▶ Task to complete: Look for "Radar-estimated hail-size map" in the entries below. Write out that line and all later lines exactly, ending with the final one.

(Records supplied begins)

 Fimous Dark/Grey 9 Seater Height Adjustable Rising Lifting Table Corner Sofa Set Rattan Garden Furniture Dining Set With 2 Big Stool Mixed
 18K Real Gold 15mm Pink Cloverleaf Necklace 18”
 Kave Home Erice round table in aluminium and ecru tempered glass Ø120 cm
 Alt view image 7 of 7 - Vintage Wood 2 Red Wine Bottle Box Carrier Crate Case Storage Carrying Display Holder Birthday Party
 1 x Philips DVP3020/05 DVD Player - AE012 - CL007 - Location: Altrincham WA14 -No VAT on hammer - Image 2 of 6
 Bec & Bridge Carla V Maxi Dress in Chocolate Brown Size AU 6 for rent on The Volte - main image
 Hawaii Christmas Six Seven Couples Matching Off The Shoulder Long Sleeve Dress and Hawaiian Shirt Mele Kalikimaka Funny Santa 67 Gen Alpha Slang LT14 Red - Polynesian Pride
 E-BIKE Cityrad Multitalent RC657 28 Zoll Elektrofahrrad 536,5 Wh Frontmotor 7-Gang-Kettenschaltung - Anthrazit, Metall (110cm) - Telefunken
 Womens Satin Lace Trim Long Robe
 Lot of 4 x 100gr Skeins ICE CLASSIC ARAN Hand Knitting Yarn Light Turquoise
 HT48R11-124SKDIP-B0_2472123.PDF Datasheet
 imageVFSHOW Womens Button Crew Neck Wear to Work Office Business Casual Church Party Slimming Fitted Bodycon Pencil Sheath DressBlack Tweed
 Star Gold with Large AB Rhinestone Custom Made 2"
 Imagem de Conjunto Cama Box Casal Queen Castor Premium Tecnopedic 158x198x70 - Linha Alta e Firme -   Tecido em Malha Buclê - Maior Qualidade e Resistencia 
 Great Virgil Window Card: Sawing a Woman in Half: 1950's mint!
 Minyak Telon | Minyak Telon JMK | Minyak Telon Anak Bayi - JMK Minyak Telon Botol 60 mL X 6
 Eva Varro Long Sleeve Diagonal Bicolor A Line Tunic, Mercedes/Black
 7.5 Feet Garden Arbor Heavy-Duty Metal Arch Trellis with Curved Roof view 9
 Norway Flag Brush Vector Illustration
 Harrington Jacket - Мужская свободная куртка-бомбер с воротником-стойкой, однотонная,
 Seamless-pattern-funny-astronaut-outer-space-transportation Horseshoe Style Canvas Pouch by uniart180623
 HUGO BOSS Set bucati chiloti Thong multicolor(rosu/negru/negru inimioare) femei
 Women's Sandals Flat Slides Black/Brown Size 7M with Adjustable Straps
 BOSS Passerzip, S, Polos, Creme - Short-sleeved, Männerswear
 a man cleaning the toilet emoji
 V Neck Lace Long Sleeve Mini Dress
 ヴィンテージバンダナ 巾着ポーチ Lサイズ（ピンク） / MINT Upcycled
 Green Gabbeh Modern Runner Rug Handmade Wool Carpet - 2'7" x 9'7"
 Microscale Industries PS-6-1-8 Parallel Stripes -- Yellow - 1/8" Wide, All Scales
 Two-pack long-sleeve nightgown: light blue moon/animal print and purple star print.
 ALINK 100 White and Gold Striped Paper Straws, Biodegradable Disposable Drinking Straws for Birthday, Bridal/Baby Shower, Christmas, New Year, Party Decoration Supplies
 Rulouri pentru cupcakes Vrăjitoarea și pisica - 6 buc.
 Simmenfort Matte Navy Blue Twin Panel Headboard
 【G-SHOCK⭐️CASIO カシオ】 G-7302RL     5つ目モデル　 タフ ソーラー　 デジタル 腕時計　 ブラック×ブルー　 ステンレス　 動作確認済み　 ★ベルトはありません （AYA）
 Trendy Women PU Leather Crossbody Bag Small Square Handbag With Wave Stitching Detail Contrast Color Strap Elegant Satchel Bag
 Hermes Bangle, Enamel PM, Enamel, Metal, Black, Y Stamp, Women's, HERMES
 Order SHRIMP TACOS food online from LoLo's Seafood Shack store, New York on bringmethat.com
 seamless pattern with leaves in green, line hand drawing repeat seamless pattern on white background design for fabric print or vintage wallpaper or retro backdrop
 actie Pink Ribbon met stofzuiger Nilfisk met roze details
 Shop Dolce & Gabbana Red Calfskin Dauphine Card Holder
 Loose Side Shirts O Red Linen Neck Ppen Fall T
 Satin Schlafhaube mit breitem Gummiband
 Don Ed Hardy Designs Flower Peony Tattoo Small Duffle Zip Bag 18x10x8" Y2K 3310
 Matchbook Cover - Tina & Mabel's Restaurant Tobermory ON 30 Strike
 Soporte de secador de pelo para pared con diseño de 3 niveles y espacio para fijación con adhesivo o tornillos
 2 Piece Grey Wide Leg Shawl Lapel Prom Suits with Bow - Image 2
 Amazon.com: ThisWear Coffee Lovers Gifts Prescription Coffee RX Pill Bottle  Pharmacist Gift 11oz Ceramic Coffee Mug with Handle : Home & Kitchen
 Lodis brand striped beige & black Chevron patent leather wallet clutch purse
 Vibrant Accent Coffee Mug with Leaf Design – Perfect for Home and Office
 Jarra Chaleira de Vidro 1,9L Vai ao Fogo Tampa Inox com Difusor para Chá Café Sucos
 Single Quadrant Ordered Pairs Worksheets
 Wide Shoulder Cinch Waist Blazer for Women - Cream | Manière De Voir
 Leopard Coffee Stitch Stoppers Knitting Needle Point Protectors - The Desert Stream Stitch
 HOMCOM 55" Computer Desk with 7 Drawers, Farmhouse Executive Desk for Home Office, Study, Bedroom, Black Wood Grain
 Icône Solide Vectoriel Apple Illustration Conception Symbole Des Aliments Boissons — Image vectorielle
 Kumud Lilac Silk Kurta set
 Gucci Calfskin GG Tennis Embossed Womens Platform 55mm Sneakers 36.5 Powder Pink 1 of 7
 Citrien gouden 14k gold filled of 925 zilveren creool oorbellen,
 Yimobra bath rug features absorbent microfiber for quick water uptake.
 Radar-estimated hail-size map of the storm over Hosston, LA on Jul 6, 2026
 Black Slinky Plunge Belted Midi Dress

(Records supplied ends)

▶ Result of the task:
 Radar-estimated hail-size map of the storm over Hosston, LA on Jul 6, 2026
 Black Slinky Plunge Belted Midi Dress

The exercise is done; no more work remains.